Compelling stuff. One might suppose that this scandal merited some attention from CNN’s media self-examination hour. So why, then, did Reliable Sources refuse to touch this story with a ten foot pole?
It would be irresponsible to speculate without evidence that host Brian Stelter was threatened into turning a blind eye to this incredibly significant scoop. Such speculation would be irresponsible even after Robach herself claimed that Buckingham Palace had threatened ABC into dropping the story back in 2016, in order to conceal Prince Andrew’s alleged sexual abuse of Epstein’s victims.
So let’s not do that. Instead, let’s stick to why it was equally irresponsible for Stelter, CNN’s media guy, to blissfully ignore a media scandal as recent, pertinent, and exigent as this.
For the 328 million Americans who don’t tune in, Reliable Sources bills itself as a media accountability show. The cnn.com summary for the program reads: “Reliable Souces with Brian Stelter examines the media world — telling the story behind the story — how the news gets made.”
One would be hard-pressed to find a term that described this ABC scandal more aptly than “story behind the story.” Here we have a victim of child sex trafficking, who allegedly was prevented from speaking out against her powerful abuser by the very news media who claim to champion the victims of sexual assault.

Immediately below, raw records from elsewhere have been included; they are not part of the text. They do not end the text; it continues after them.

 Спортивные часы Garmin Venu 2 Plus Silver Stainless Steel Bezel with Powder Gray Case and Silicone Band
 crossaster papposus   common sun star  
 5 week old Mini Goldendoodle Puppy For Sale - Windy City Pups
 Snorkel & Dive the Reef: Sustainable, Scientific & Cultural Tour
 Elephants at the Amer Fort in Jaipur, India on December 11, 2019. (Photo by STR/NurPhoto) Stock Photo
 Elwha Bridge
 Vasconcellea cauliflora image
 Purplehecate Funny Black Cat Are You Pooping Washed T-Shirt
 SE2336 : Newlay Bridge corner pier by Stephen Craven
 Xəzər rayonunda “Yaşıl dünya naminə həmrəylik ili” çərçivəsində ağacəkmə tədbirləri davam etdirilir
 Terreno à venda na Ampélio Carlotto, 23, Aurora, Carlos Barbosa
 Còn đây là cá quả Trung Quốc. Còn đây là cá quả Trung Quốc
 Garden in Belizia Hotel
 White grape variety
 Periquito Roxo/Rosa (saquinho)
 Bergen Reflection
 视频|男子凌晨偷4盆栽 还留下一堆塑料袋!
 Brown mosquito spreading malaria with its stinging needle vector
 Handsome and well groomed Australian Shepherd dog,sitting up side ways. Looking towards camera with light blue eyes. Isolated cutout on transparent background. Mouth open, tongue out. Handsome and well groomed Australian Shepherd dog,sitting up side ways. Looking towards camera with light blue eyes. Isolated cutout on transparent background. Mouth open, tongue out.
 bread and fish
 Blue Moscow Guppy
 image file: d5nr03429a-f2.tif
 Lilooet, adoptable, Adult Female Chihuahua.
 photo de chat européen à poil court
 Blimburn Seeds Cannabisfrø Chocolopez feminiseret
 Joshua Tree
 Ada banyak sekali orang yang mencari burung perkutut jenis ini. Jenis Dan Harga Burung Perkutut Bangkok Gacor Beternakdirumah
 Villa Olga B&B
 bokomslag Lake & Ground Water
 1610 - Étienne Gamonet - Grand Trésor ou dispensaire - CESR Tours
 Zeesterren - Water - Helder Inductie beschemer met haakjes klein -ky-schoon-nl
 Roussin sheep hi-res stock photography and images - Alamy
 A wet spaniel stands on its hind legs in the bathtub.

Furthermore, the staffer who clipped the admission but didn't leak it to Project Veritas was subsequently fired from CBS. That's like red meat for a network like CNN that has been so enamored with whistleblowers and cover-ups as of late.
It isn’t difficult to imagine an alternate reality in which Stelter spent the hour speaking with Amy Robach, James O’Keefe, or maybe even the fired CBS employee. Perhaps Stelter could have done a service to Epstein’s victim — the one whom Robach alleged had been in hiding for 12 years — and finally told the story that ABC refused to tell.
But if Stelter had wanted to include something like that in the November 10 edition of Reliable Sources, he might have had to nix one of the two full segments he spent talking to Anthony Scaramucci. Priorities, folks.